══ Listed records
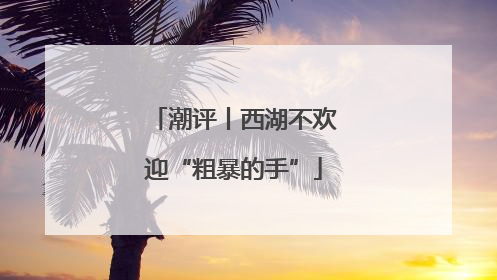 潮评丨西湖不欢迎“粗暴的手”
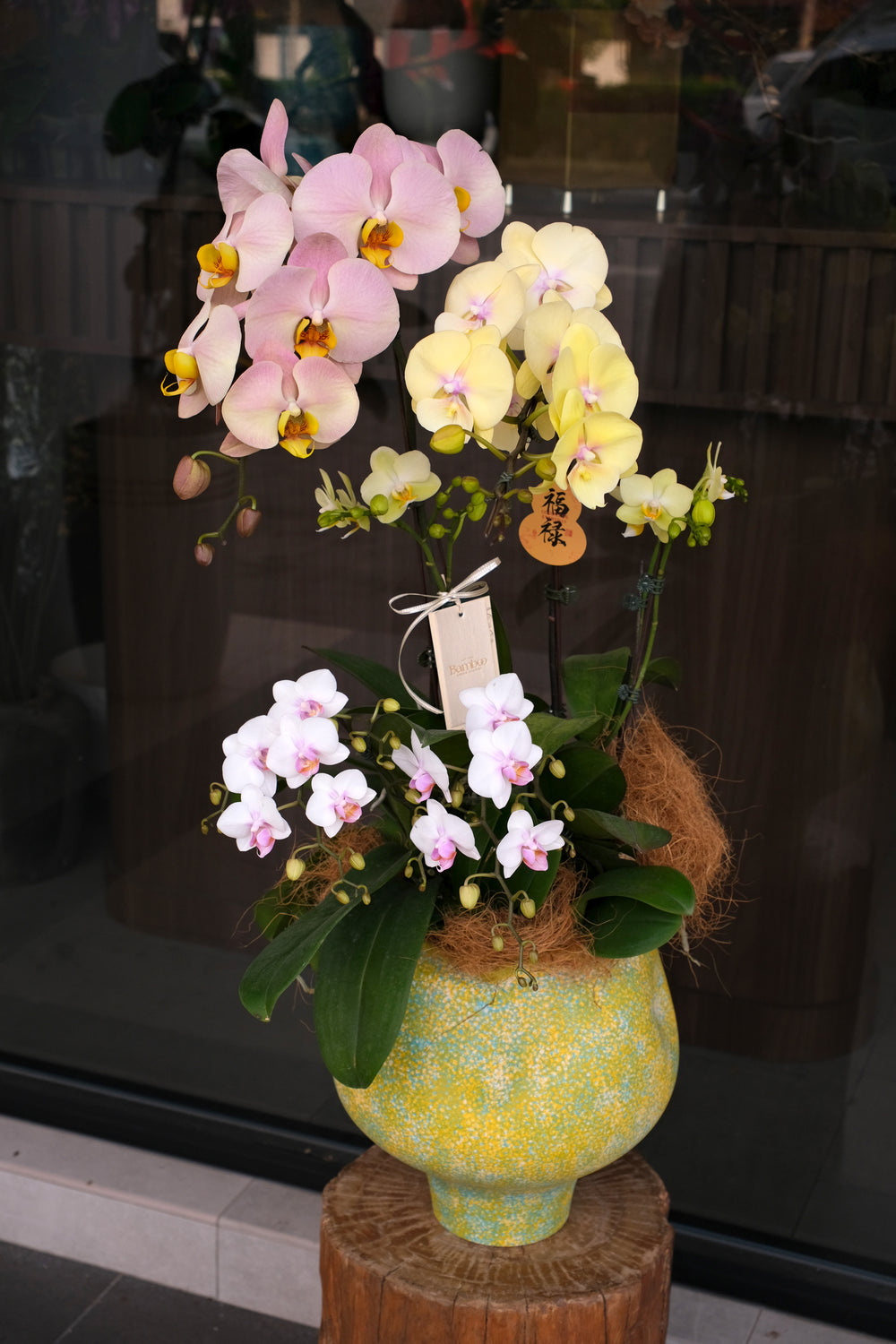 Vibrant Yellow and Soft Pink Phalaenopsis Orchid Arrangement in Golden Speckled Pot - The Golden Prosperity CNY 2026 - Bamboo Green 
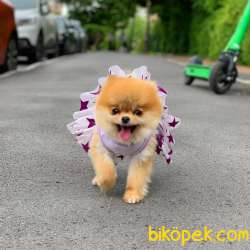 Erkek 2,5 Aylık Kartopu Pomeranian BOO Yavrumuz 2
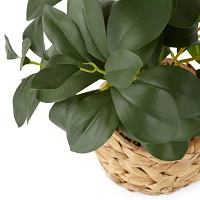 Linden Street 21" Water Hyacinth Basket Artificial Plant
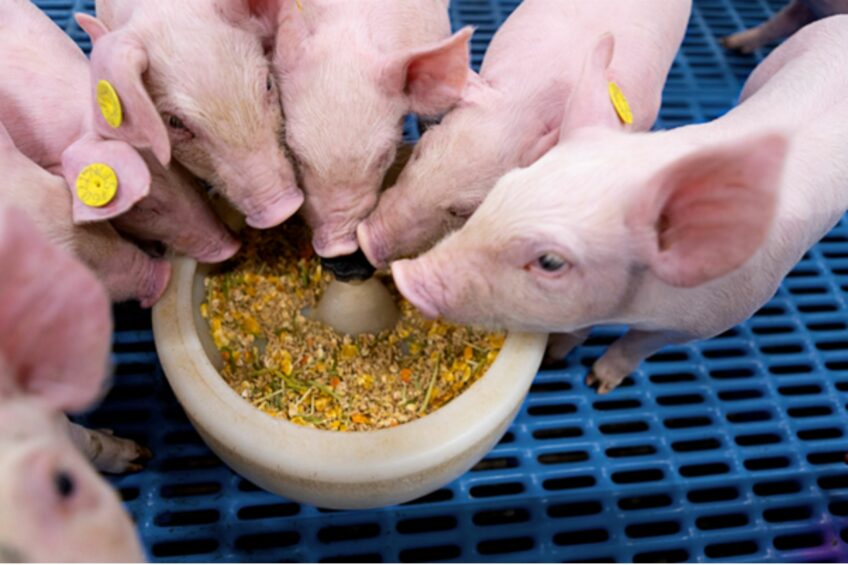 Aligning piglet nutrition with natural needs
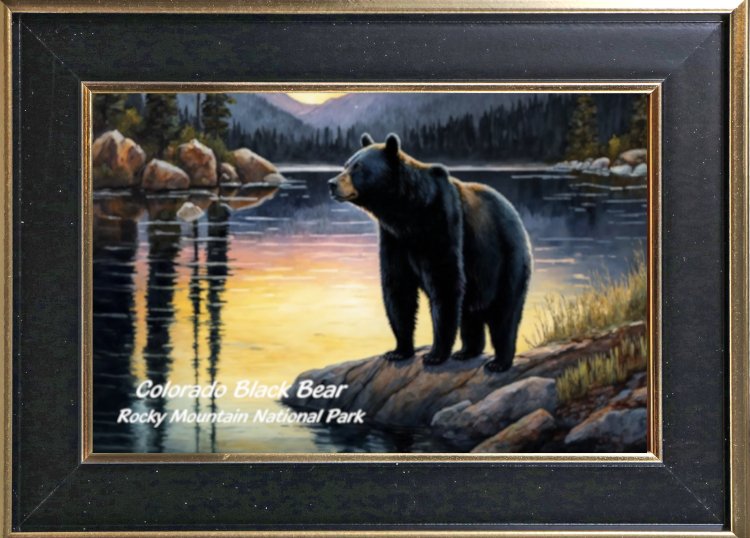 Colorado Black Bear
════
# What to produce
Set down every record word for word and leave out the pictures.

# Written answer
 潮评丨西湖不欢迎“粗暴的手”
 Vibrant Yellow and Soft Pink Phalaenopsis Orchid Arrangement in Golden Speckled Pot - The Golden Prosperity CNY 2026 - Bamboo Green 
 Erkek 2,5 Aylık Kartopu Pomeranian BOO Yavrumuz 2
 Linden Street 21" Water Hyacinth Basket Artificial Plant
 Aligning piglet nutrition with natural needs
 Colorado Black Bear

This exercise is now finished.